The main findings are the following:
(a) AL predicts store potency through the mediating role of store virtuousness;
(b) store virtuousness predicts sales achievement through the mediating role of store potency;
(c) AL predicts sales achievement via the mediating role of both store virtuousness and store potency.

By focusing on three positive constructs, whose interrelations have scarcely been explored, and relating them to store performance, the study enriches the Positive Organizational Scholarship movement, and suggests that AL and virtuousness are good in themselves and also potential facilitators of group success.

For more details see: Arménio Rego, Dálcio Reis Júnior and Miguel Pina e Cunha.  2015. Authentic Leaders Promoting Store Performance: The Mediating Roles of Virtuousness and Potency.
Journal of Business Ethics, 128(3), 617-634.
Corporate psychopathy
Corporate psychopathy (CP) thrives perhaps as the most significant threat to ethical corporate behaviour around the world. These authors argue that Human Resources Management (HRM) professionals should formulate strategic solutions metaphorically by balancing what strategic military planners famously call ‘Search and Destroy’ (SD) and ‘Hearts and Minds’ (HM) counter-terrorist strategy.
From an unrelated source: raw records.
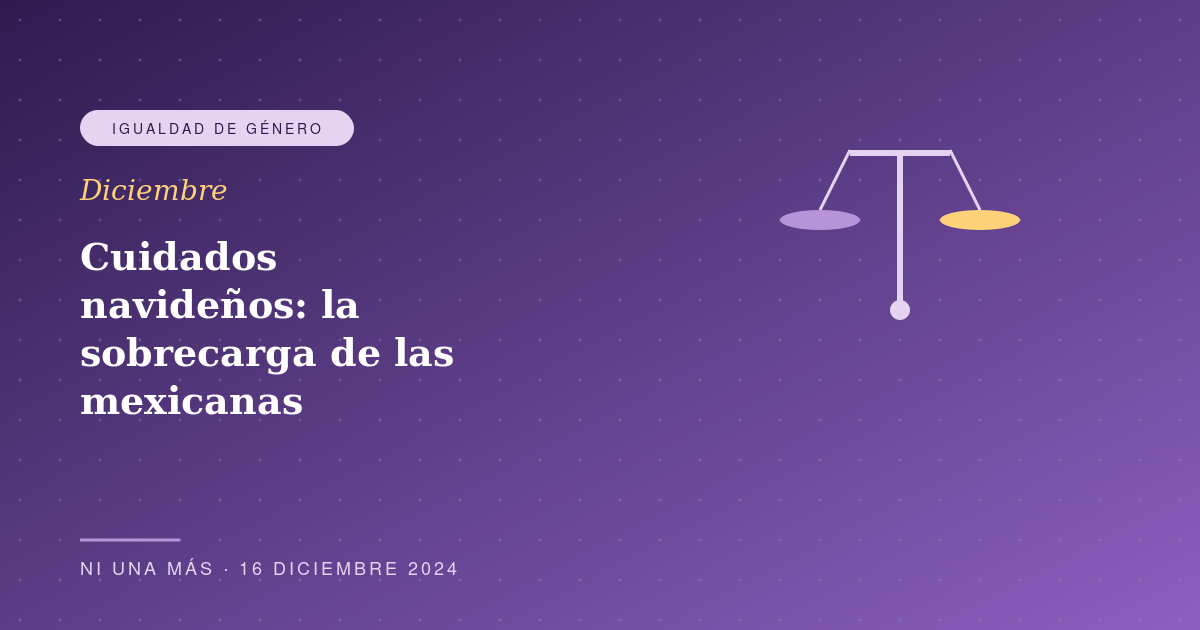 Cuidados navideños: el trabajo invisible que sostiene la fiesta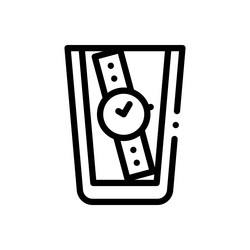 misplacing icon thin linear style design isolated vector image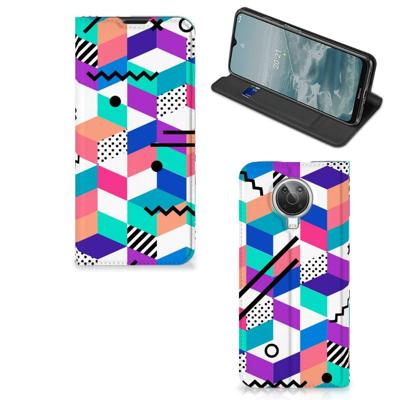 Nokia G10 | G20 Stand Case Blokken Kleurrijk Nokia G10 | G20 Stand Case Blokken Kleurrijk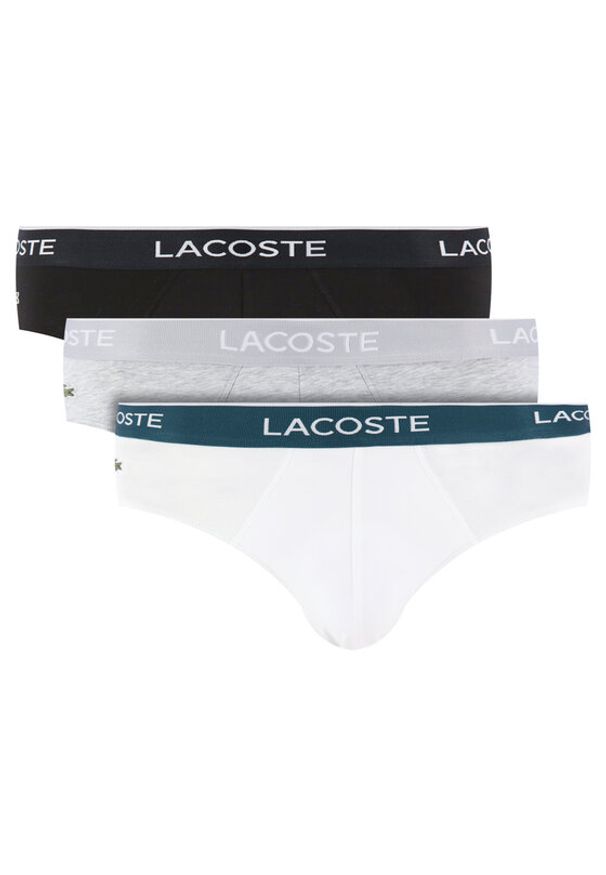 Lacoste Komplet 3 par slipów 8H3472 Kolorowy. Materiał: bawełna. Wzór: kolorowy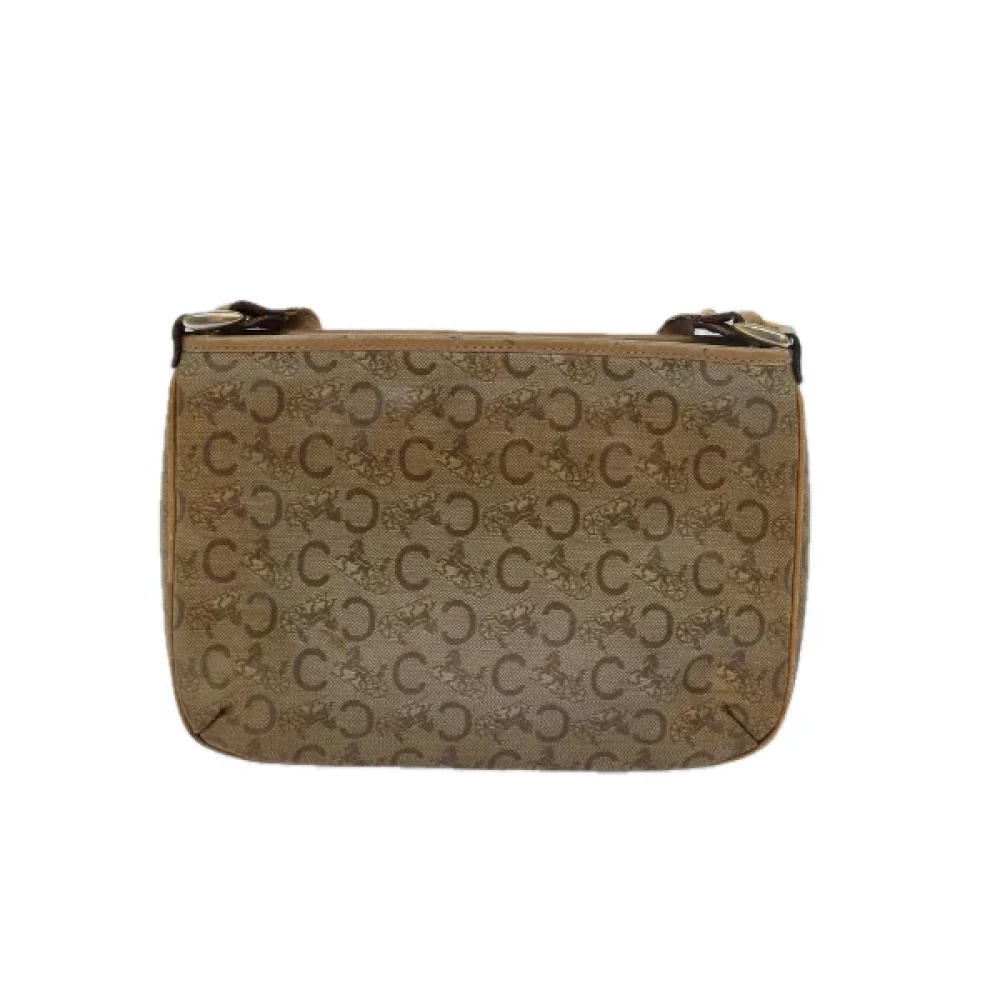 Celine Vintage Pre-owned Leather celine-bags Beige Dames
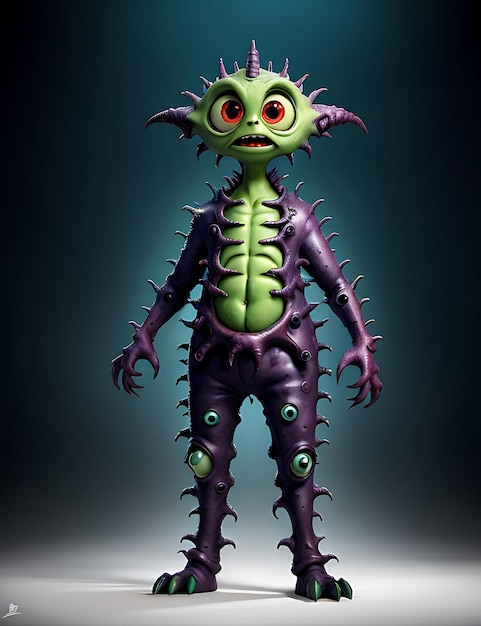 Illustration of a humanoid alien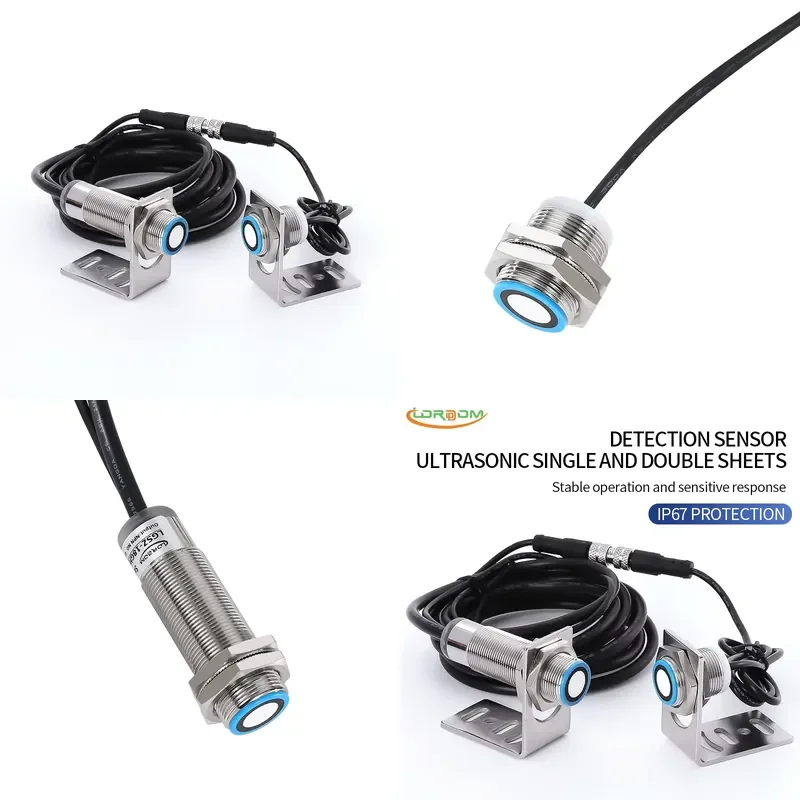 

LORDDOM Universal High Precision High Sensitivity Double Sheet Detector Sensor Ultrasonic for 10-30VDC NPN/PNP NO/NC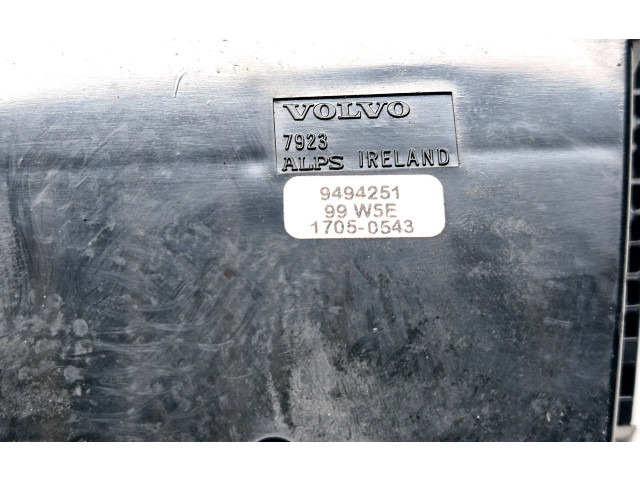 Блок управления климат-контролем 9494251, 17050543 Volvo S80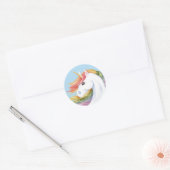 Rainbow Unicorn Ronde Sticker (Envelop)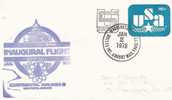 USA Entier Postal à 16c ,vol Inaugural Washington D.C. ,Houston Par Continental Airlines - 1961-80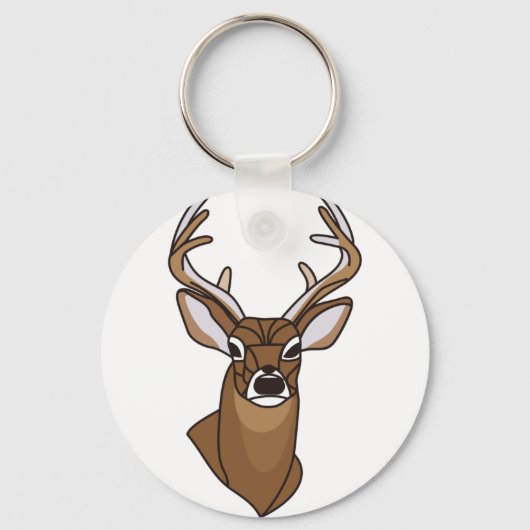 Porte-clés Tête de cerf (Recto)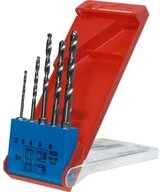 kwb Metallbohrer kwb 421140 HSS Metall-Spiralbohrer-Set 5teilig 2 mm, 3 mm, 4 mm, 5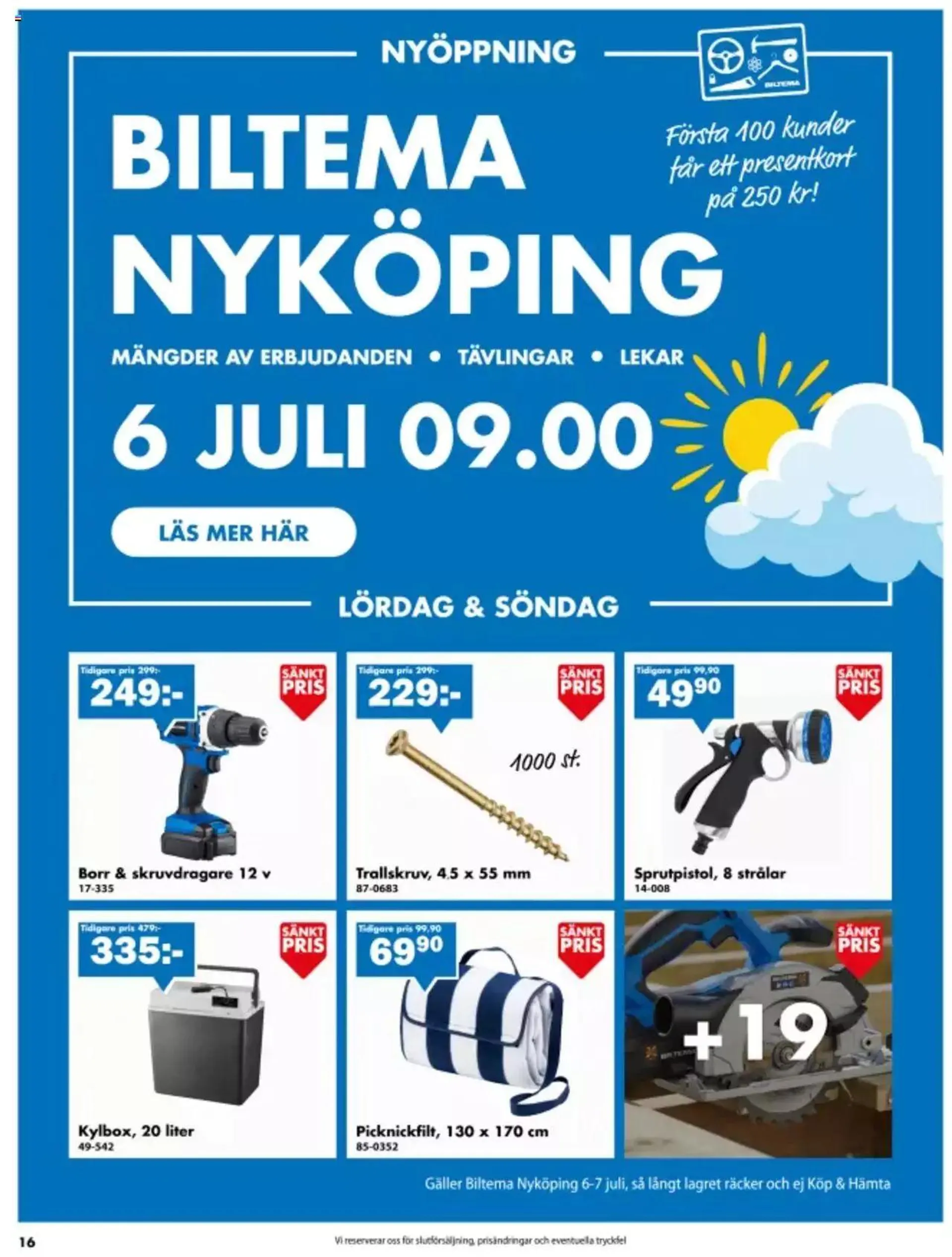 Biltema - erbjudanden från 25 juni till 31 december 2024 - Reklamblad sidor 16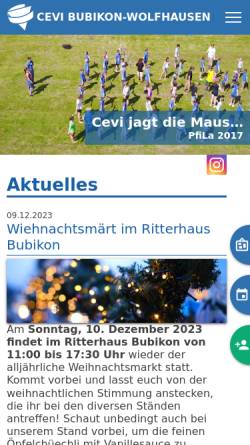 Vorschau der mobilen Webseite cevi-buwo.ch, Cevi Bubikon-Wolfhausen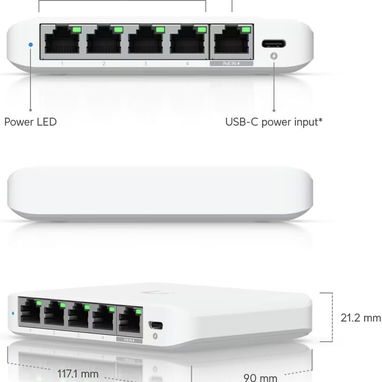 Ubiquiti Flex Mini 2.5G Interruptor de 5 puertos [USW-Flex-2.5G-5] - Img 81461351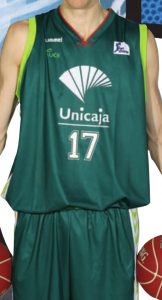 UNICAJA Malaga 2012-2013 home jersey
Marshall and his team argue that these military metaphors offer creative inspiration to help academics and practitioners theorise CP in richer, more reflective and more balanced and complementary ways. An appreciation of both metaphors is likely to favour the use of hybrid strategies comprising SD and HM elements, which may provide the best HRM solutions to CP for the same reasons as the military now considers parallel hybrid solutions optimal for combating terrorist and guerrilla insurgency.

The full paper is available at: Alasdair J. Marshall, Melanie J. Ashleigh, Denise Baden, Udechukwu Ojiako and Marco G. D. Guidi. 2015. Corporate Psychopathy: Can ‘Search and Destroy’ and ‘Hearts and Minds’ Military Metaphors Inspire HRM Solutions?
Journal of Business Ethics, 128(3), 495-504.
Leadership styles and employee outcomes in luxury hotels
This study examines the effects of transformational, transactional, and non-transactional leadership on hotel employees’ outcomes including extra effort, perceived efficiency, and satisfaction with managers. Employees from eleven 4-star hotels in Spain provided the collected data.

A series of statistical analyses
(1) identify the elements of three leadership styles using a multi-factor leadership questionnaire (MLQ-5X);
(2) examine the effect of leadership styles on employees’ outcomes. The results of this study indicate that “idealized attributes” of transformational leadership and “contingent reward” from transactional leadership are the most important factors that positively affect all three outcomes (i.e., extra effort, perceived efficiency, and satisfaction);
and (3) to assess the moderating effect of different types of ownership of hotel properties on the relationship between styles of leadership and outcomes of employees’ activities other than these two elements, the significant factors indicating positive or negative relationships vary depending on the types of individual outcomes as well as ownership of hotel properties.

The discussion sections indicate theoretical and practical implications of the findings.

For more information, see: Teresa Aguiar Quintana, Sangwon Park and Yasmina Araujo Cabrera. 2015. Assessing the Effects of Leadership Styles on Employees’ Outcomes in International Luxury Hotels.
Journal of Business Ethics, 129(2), 469-489.